Can Shibboleth Service Provider integrate with Duo SSO

PortlandGirl · ‎01-18-2022

I am reaching out for help integrating Duo SSO with Shibboleth Service Provider. Attempting to get user principal name attribute value as persistent-id has been unsuccessful. The attribute value received is a long sting of numbers and letters. Value expected example BSMITH.

Service provider mapping: Attribute name=“urn:oasis:names:tc:SAML:2.0:nameid-format:persistent” id=“persistent-id”; “NameIDAttributeDecoder” formatter="$NameQualifier!$SPNameQualifier!$Name"

Please advise how to get persistent-id working or perhaps an alternate solution to get UPN attribute value.

jamieis · ‎01-19-2022

Hi @PortlandGirl,

A NameIDFormat of urn:oasis:names:tc:SAML:2.0:nameid-format:persistent is special and acts differently than most NameIDFormats per the SAML specification which states that when persistent is picked the identity provider (in this case Duo SSO) must create a consistent opaque value will always be returned the same for a specific user but is not any identifiable data.

If that is not what you’re trying to do I’d recommend seeing if you can adjust Shibboleth to use a different NameIDFormat.

Here is the text from the SAML spec:

8.3.7 Persistent Identifier
URI: urn:oasis:names:tc:SAML:2.0:nameid-format:persistent
Indicates that the content of the element is a persistent opaque identifier for a principal that is specific to
an identity provider and a service provider or affiliation of service providers. Persistent name identifiers
generated by identity providers MUST be constructed using pseudo-random values that have no
discernible correspondence with the subject’s actual identifier (for example, username). The intent is to
create a non-public, pair-wise pseudonym to prevent the discovery of the subject’s identity or activities.
Persistent name identifier values MUST NOT exceed a length of 256 characters.

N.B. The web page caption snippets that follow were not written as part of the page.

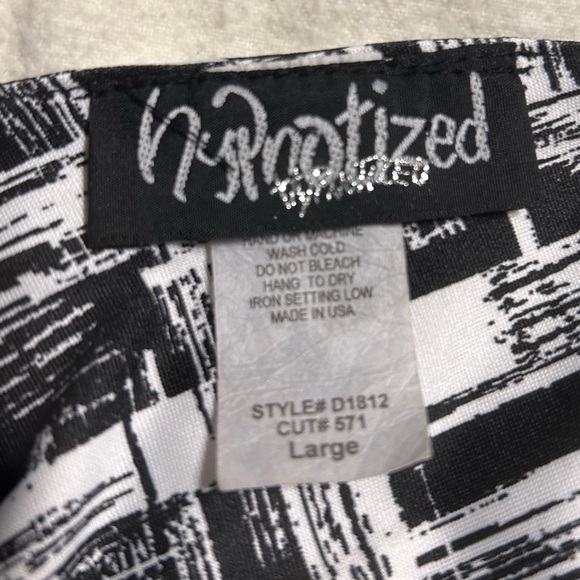 Elegant Black and White Patterned Dress - Picture 3 of 4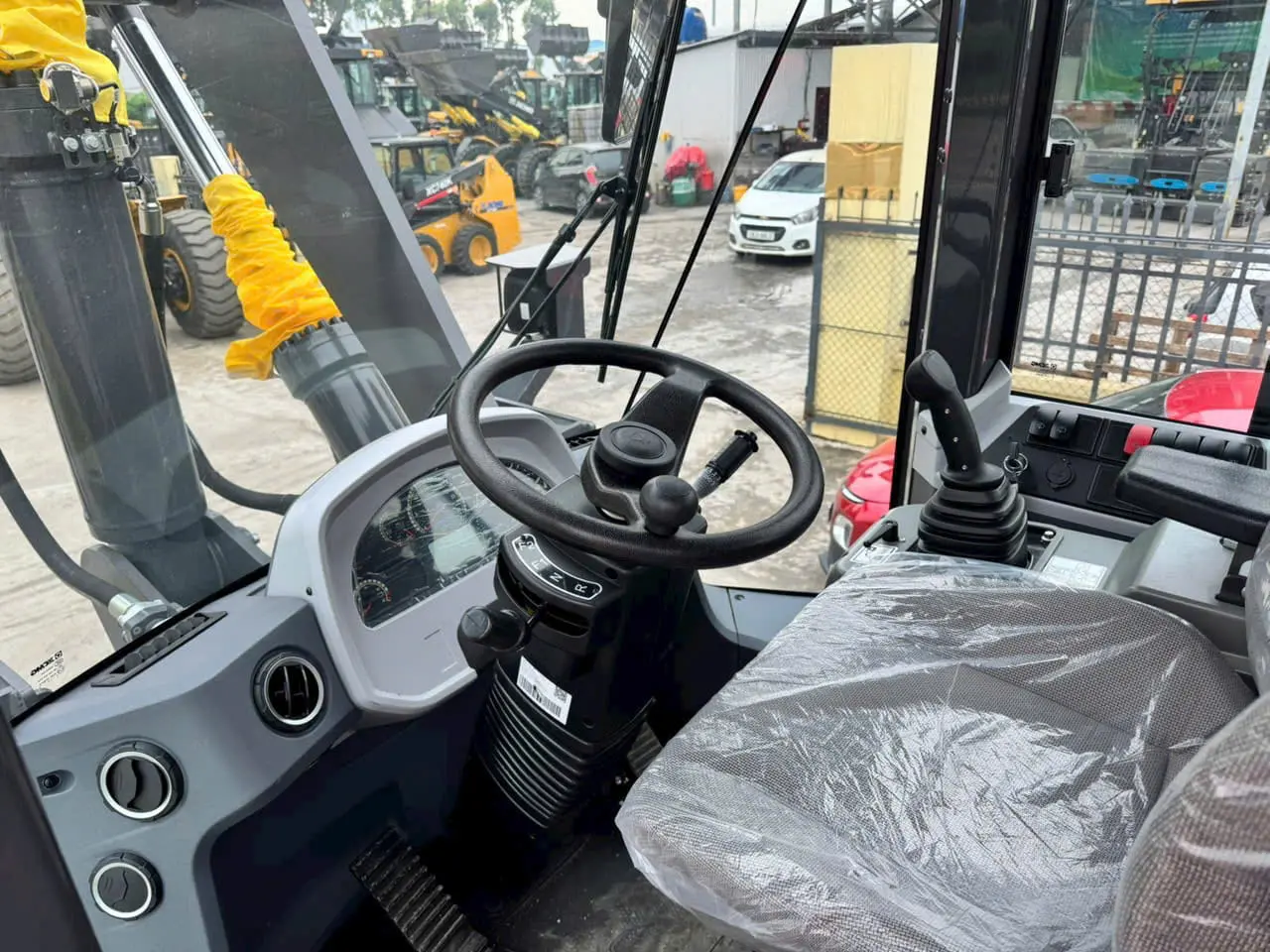 máy xúc lật XCMG LW500KN
xúc lật XCMG 5 tấn
máy xúc lật bánh lốp XCMG
giá máy xúc lật XCMG LW500KN
máy xúc lật công trình XCMG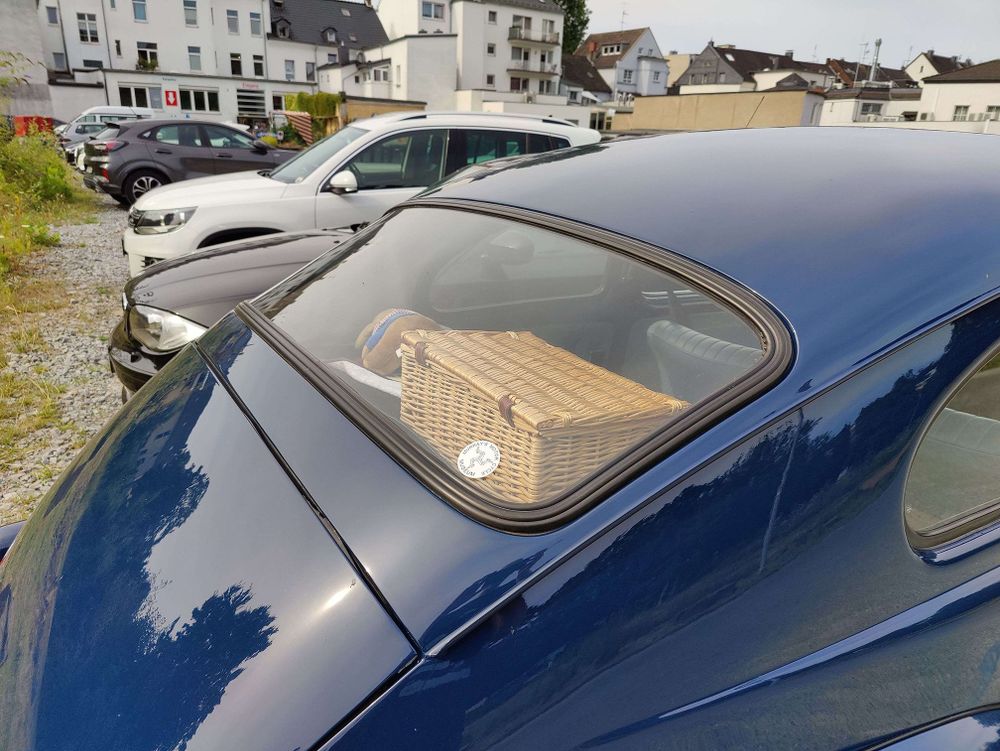 Volvo 544 Heckablage mit Picknikkiste (?) und Stofftier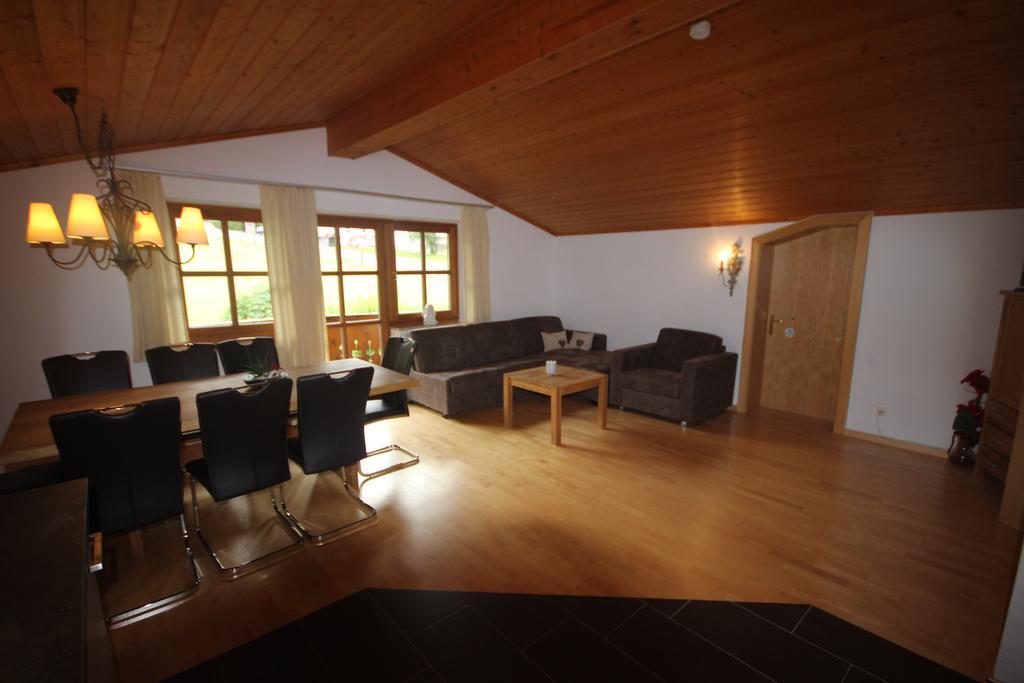 Alpenappartement Kaprun Bagian luar foto
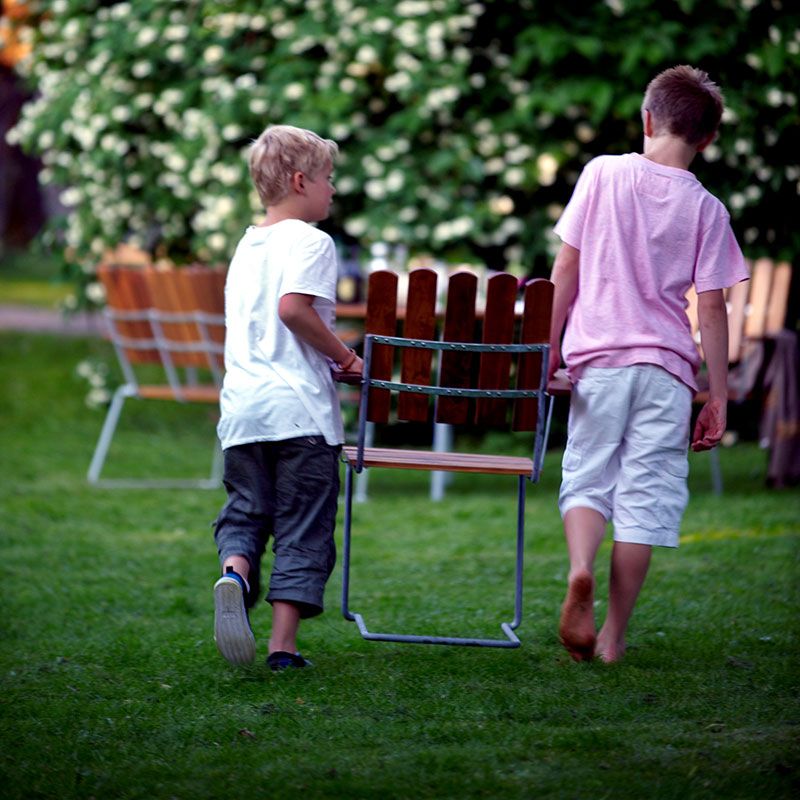 Bord B30 84 X 92 Obehandlad Teak / Varmförzinkat Stativ Stå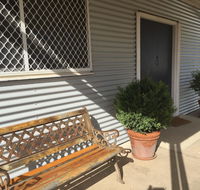 35 Trevena Road - Accommodation BNB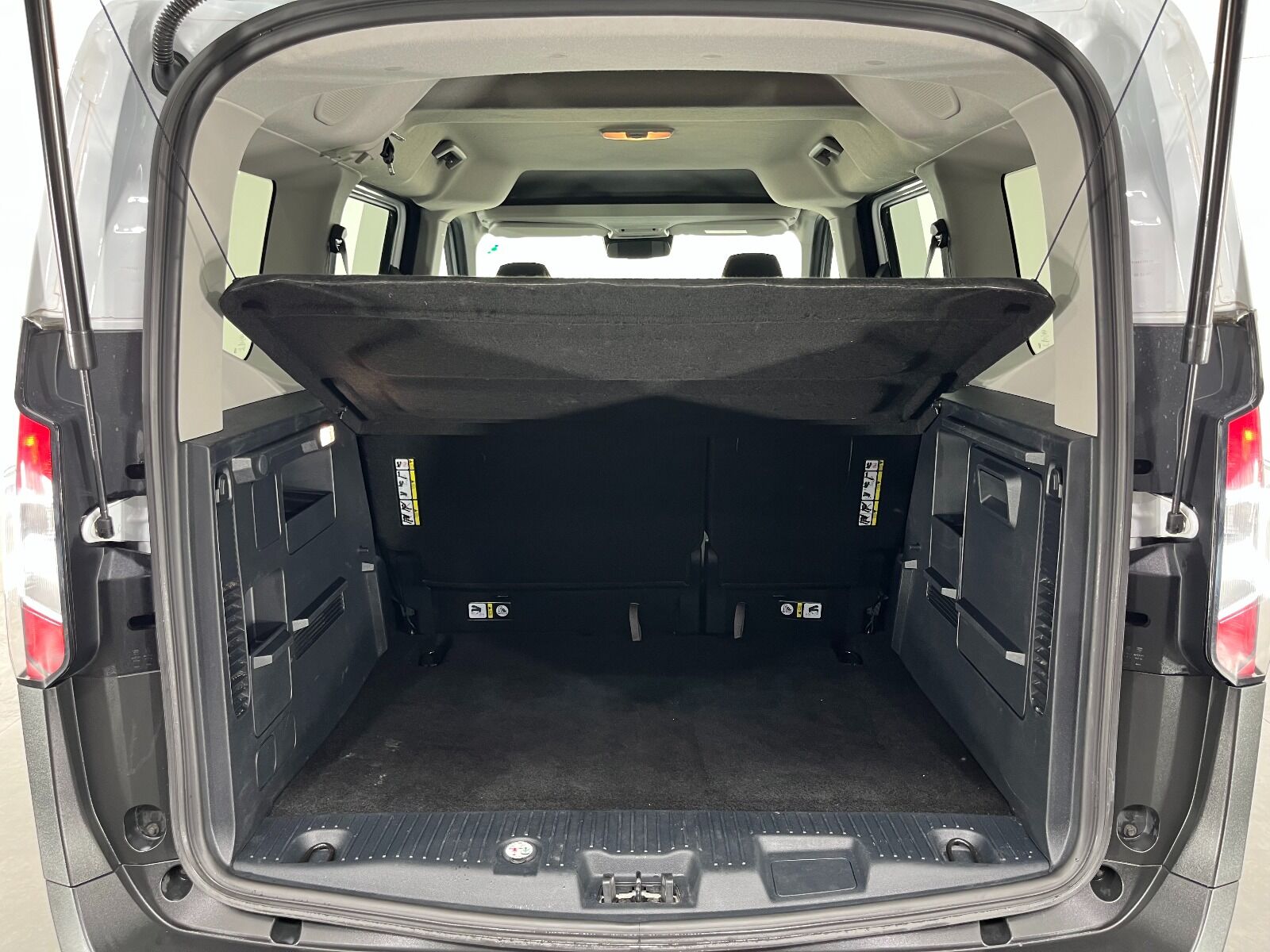 Ford Tourneo Courier 1.0L Ecoboost Titanium - 2025 - Detay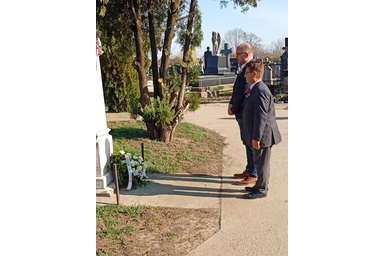 A Vajdasági Magyar Szövetség nevében dr. Molnár Viktor és Pál Viktor koszorúzott (Fotó: Fehér Szilárd)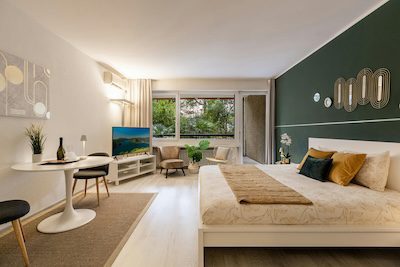 Moving boxes Peterborough — bachelor apartment packing kit by SpeedyPack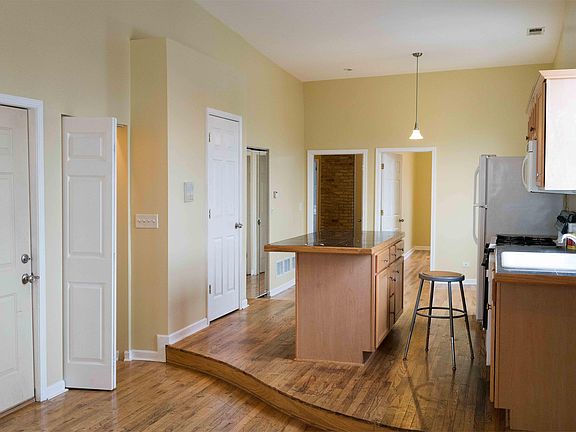 2nd image of 525 N Ashland Ave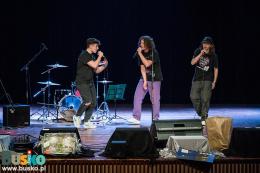 Na scenie zespół EXA - trzech młodych rapujących mężczyzn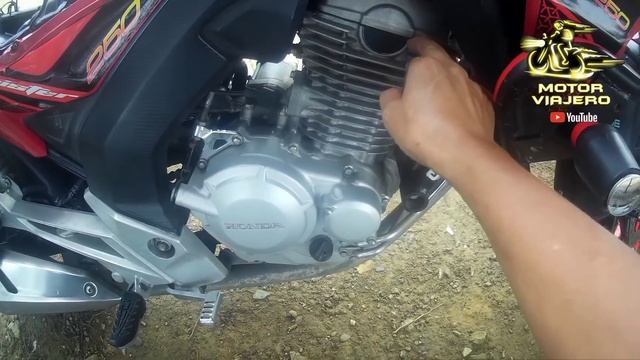 LA MOTO ESTÁ CONSUMIENDO ACEITE PERO NO BOTA HUMO...¿ Por qué ? смотреть онлайн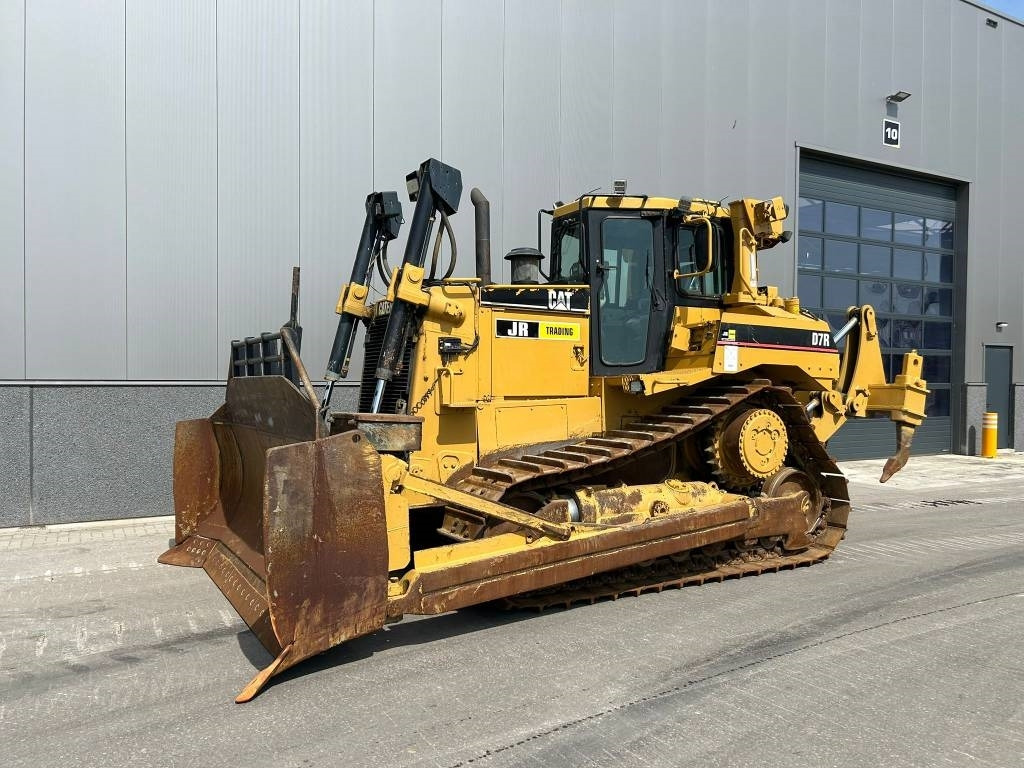 CAT D 7 R (Leica GPS) - Buldózer: 1 kép. CAT D 7 R (Leica GPS) - Buldózer: 1 kép.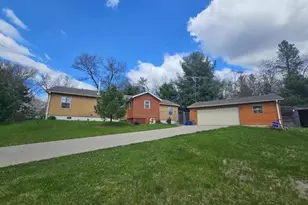 E9351 Dellwood Rd, Reedsburg, WI 53959 - Photo 14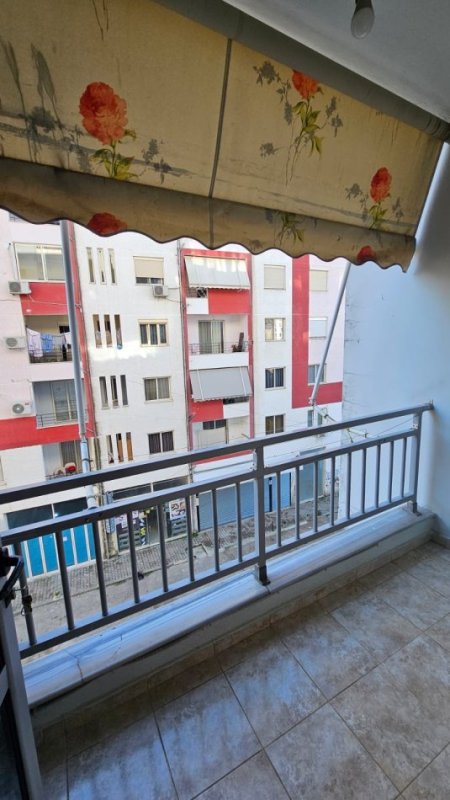 Tirane, jepet me qera apartament 1+1 Kati 3, 65 m² 400 € (Astir ,Vila L ,Pasticeri Nela)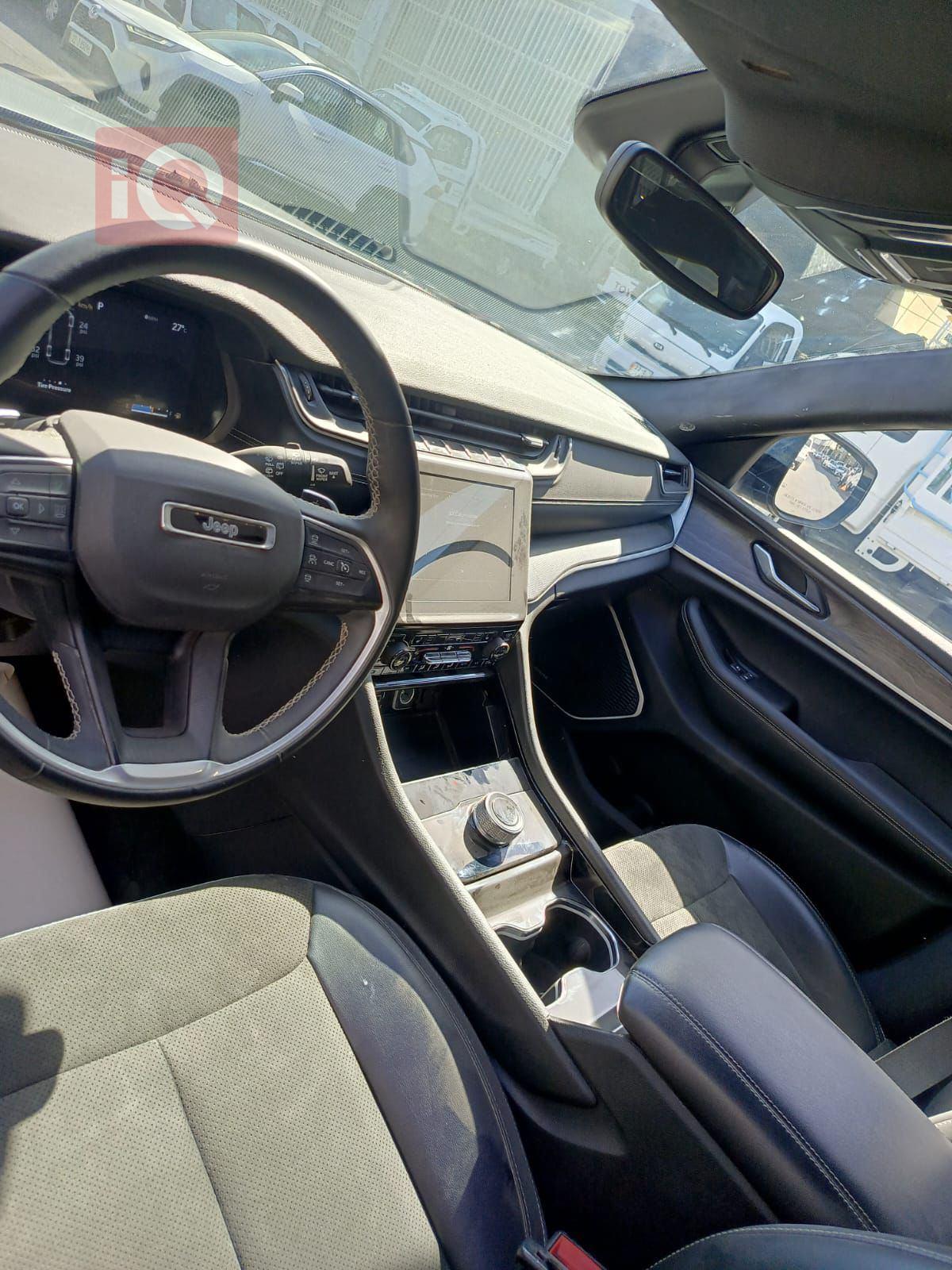 جیپ L گراند شیرۆکی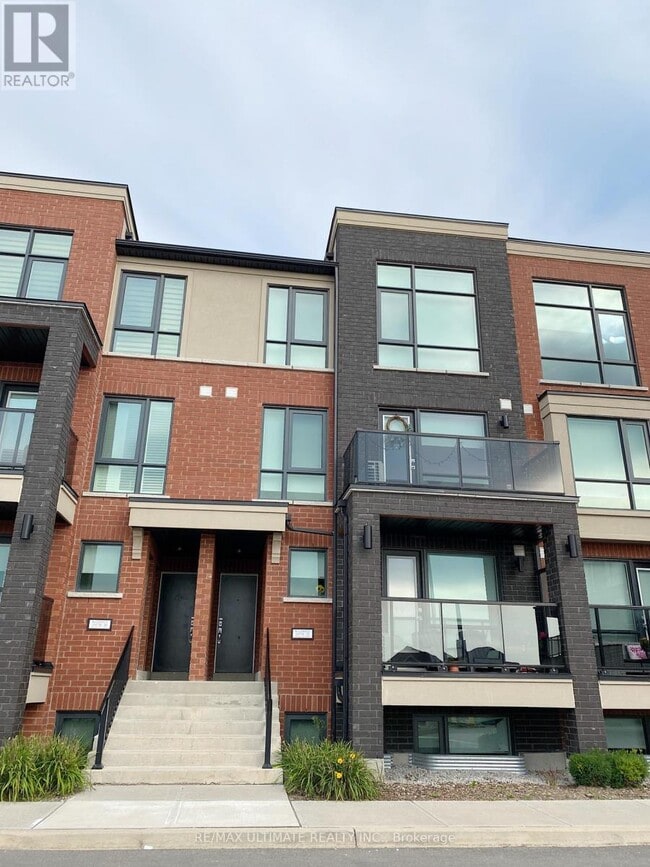 100 Dufay Rd in Brampton, ON - Building Photo - Building Photo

PortlandGirl · ‎01-19-2022

Thank you for the information Jamie. I have a follow-up question. The IdP attribute is Username. Is there a way to get eppn urn:oid:1.3.6.1.4.1.5923.1.1.1.6 SAML response attribute from Duo SSO?

jamieis · ‎01-19-2022

I’m not sure if we are still talking about the NameID value. The only NameIDFormats we allow are in the dropdown on the page.

If you’re instead trying to send an attribute with the name of urn:oid:1.3.6.1.4.1.5923.1.1.1.6 and the value of Username I’d recommend using the Mapped Attributes section where you can put in an IdP attribute on the left and any name on the right that you’d like the attribute name to be in the SAMLResponse.

PortlandGirl · ‎01-19-2022

I’m trying to get the user principal name value (e.g. DBROWN) in a way that Shibboleth Service Provider can use it. Eppn is commonly used by universities. If DUO SSO can send oid:1.3.6.1.4.1.5923.1.1.1.6 then authenticator can use the part before the ‘@’ which would effectively be DBROWN, and allow for successful authentication.

Client tried using the “Map attributes” section with preconfigured “Username” IdP attribute. Perhaps it was missed. Is eppn available as a SAML Response Attribute?

I appreciate your continued help. I’ve worked with multiple IdPs but first time with Duo SSO and am really having a tough time.

jamieis · ‎01-21-2022

@PortlandGirl

If the attribute just needs to be named oid:1.3.6.1.4.1.5923.1.1.1.6 in the SAMLResponse from Duo SSO you can do something like this:

<Email Address> is the bridge attribute value that will send the mail attribute from Active Directory or the Email attribute from a SAML IdP. You can find the list here of the mappings: Duo Single Sign-On | Duo Security

You can also replace that value with a different value if you don’t want to use the bridge attribute and want to send something else down from the upstream SAML IdP.

PortlandGirl · ‎01-21-2022

Thanks for the additional information. I’ll have the institution give that a try!

PortlandGirl · ‎01-21-2022

Is the map attributes suggestion performing a transform? UserPrincipalName is the unique identifier value we are seeking, or the part before the @. Email address is subject to change. Want to get a clarification about the bridging. If is simply being sent as a random description, that’s not going to be a workable solution.

When neither email address, username, firstName, lastName nor display are suitable attributes, are custom alternatives available? This is why I am asking about the transform.

jamieis · ‎01-21-2022

There is no way to currently transform attributes with Duo SSO but if there is an attribute already inside of your upstream identity provider that has the value you want, you can type that in under the “IdP Attribute” section instead of using the dropdown.